The Nuba Mountains in Sudan’s South Kordofan region is made up of predominantly Black African tribes who are religiously diverse — consisting of Christians, Muslims and animists alike. Mixed families are common.
For years, Nuba rebels fought against the aggressive regime of former President Omar al-Bashir, which pushed a strict Islamic and Arab version onto a diverse country. In 1993, he declared a holy war (jihad) against the region — calling them enemies to Muslims and Arabs.
But the 2019 uprising that saw Bashir removed from power has brought a chance for peace for people in the Nuba Mountains, and other conflict areas.

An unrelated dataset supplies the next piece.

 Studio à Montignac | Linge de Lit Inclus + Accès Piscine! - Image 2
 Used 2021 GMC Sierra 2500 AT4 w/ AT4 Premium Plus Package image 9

The Nuba rebels of the Sudan People’s Liberation Movement-North (SPLM-N) are negotiating with the transitional government, and reviving an age-old issue in Sudan: secularism, or the separation between religion and the state.
“As a guy from [the] Nuba Mountains, I support that,” Dawood said. “We need secularism in Sudan, so we can get out of that nonsense,” he added, referring to the violent military campaign against the Nuba.
For many Nubans, regardless of their religion, the issue of secularism is personal, says professor Guma Kunda Komey, a Christian Nuban who, until recently, was an official peace adviser to Sudan’s Prime Minister Abdalla Hamdok.
“They all see the people killed and bombarded. They were actually victimized under the name of Islam. And of course, it has nothing to do with Islam. But it was the politicization of Islam.”
“They all see the people killed and bombarded. They were actually victimized under the name of Islam. And of course, it has nothing to do with Islam. But it was the politicization of Islam,” he explained.
He says SPLM-N is using the opportunity of Sudan’s transition period to address what is sees as Sudan’s fundamental vice, and a barrier to national unity.
Earlier this year, the government and SPLM-N signed a principles agreement, declaring that Sudan has no state religion.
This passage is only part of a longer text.